Scalability is the capability of a system, network, or process to handle a growing amount of work, or its potential to be enlarged in order to accommodate that growth. - Wikipedia
It’s safe to say there’s been a steady growth in the amount of data stored since ‘The Digital Age’ began. As seen in the infographic below, our ability to store more data has led to an exponential growth in the amount of data stored.
The total amount of digital data generated in 2013 was about 4.4 zettabytes. (That’s 4.4 X 1021 bytes) This is conservatively projected to grow to 44 zettabytes in 2020. (source)
As hardware continues to innovate at a rapid pace (mass storage devices, CPU and networks), this in turn leads to increased capacity for existing database software, enabling growth in the number of transactions per second. But there is still the need to add capacity from time to time.
There are two approaches to scaling a database, both with their own pros and cons: Vertical (Scale Up) and Horizontal (Scale Out).
In the 1975 movie Jaws, three men go hunting for the largest shark ever seen. Martin Brody (played by Rob Scheider) catches a very quick glimpse of the shark, and with terror etched into his face, backs into the boat and delivers one of the best lines in movie history:
“You’re going to need a bigger boat”
Vertically Scaling your Database
This approach involves adding more physical or virtual resources to the underlying server hosting the database – more CPU, more memory or more storage. Basically, you need a bigger boat server. This is the traditional approach, and pretty much every database can be scaled up.
- From a development standpoint, there’s no need to change anything. The same code will connect to the existing database without any issues.
- Easier to implement and administer – there’s a single server to manage, and that’s it. Setup is also straightforward.
- Datacenter costs in terms of space, cooling and power are lower.
- While the initial software costs are low, if licensing is based on the number of cores, then you have to pay more every time you scale up.
- If you’re implementing this on a VMware virtual environment, larger servers (more virtual cores) will inevitably lead to the dreaded Ready Queue, which is difficult to identify, and even harder to solve.
- Hardware costs can also be high, as you have to purchase ‘high-end’ servers.
- There is limited scope for upgrades. A server can only be so big. What happens when your database can no longer fit on the largest available server?
- There’s also the issue of vendor lock-in. You are tied to a single database vendor and if you decide to switch, this might involve a very difficult migration, or starting again from scratch.
In the movie Multiplicity, Dougie Kinney (Michael Keaton) is a construction worker who is struggling with his work-life balance. First of all, he gets a clone to take over at work, so he can spend time with his wife. Then he gets another clone to help out at home. And then the other two clones get together to make a 3rd clone. As you can imagine, this arrangement becomes a little too complex, and almost gets out of hand.

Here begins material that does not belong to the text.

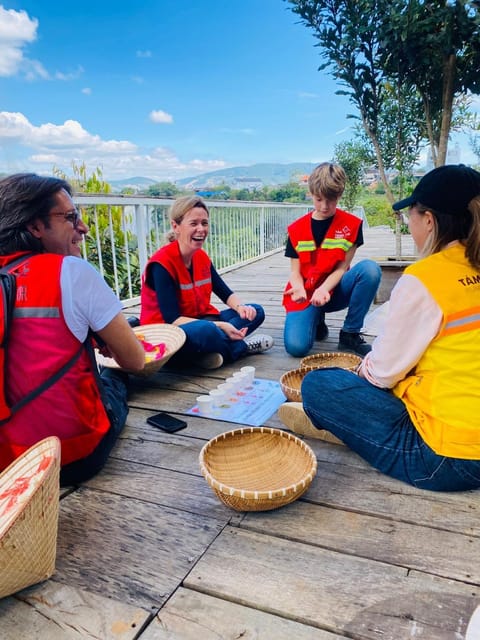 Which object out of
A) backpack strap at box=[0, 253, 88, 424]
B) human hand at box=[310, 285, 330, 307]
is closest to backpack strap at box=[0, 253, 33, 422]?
backpack strap at box=[0, 253, 88, 424]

Horizontally scaling your database
This approach involves adding more instances/nodes of the database to deal with increased workload. When you need more capacity, you simply add more servers to the cluster. In addition, the hardware used tends to be smaller, cheaper servers.

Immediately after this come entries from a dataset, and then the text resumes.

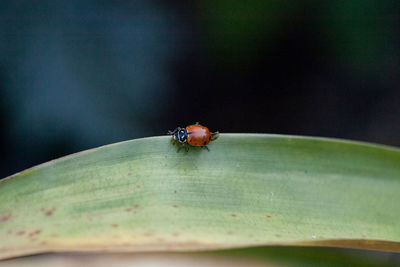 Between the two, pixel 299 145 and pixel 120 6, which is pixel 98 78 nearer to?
pixel 120 6

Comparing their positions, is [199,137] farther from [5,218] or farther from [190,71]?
[190,71]

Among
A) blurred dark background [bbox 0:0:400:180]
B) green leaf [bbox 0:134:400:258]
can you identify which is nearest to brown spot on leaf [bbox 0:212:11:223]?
green leaf [bbox 0:134:400:258]

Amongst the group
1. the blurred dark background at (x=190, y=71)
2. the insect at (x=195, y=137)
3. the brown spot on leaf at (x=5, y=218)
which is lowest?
the brown spot on leaf at (x=5, y=218)

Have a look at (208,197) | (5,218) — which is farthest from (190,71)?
(5,218)

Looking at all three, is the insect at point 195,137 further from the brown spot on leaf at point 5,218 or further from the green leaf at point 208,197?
the brown spot on leaf at point 5,218

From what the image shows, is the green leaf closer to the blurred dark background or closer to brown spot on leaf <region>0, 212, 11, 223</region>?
brown spot on leaf <region>0, 212, 11, 223</region>

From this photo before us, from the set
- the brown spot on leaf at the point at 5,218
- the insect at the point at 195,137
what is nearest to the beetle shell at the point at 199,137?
the insect at the point at 195,137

Most database products will not scale in this way, and depending on how this is implemented, applications will need to be re-written to work with the database. There are two different techniques that can be used to achieve this.
Data replication – For read-intensive workloads, you can have one primary copy that accepts data changes and multiple read-only replicas of that data. The downside of this is that for data writes, the primary copy becomes a bottle neck.
Federated Database – This involves distributing reads and write across many nodes. This is achieved by partitioning (sharding) the data across multiple database servers. There is an element of database replication in that some data is kept across all or multiple nodes. Some database products (for example, Cassandra) will do this for you, but for the most part, sharding is done on the client-side of the application.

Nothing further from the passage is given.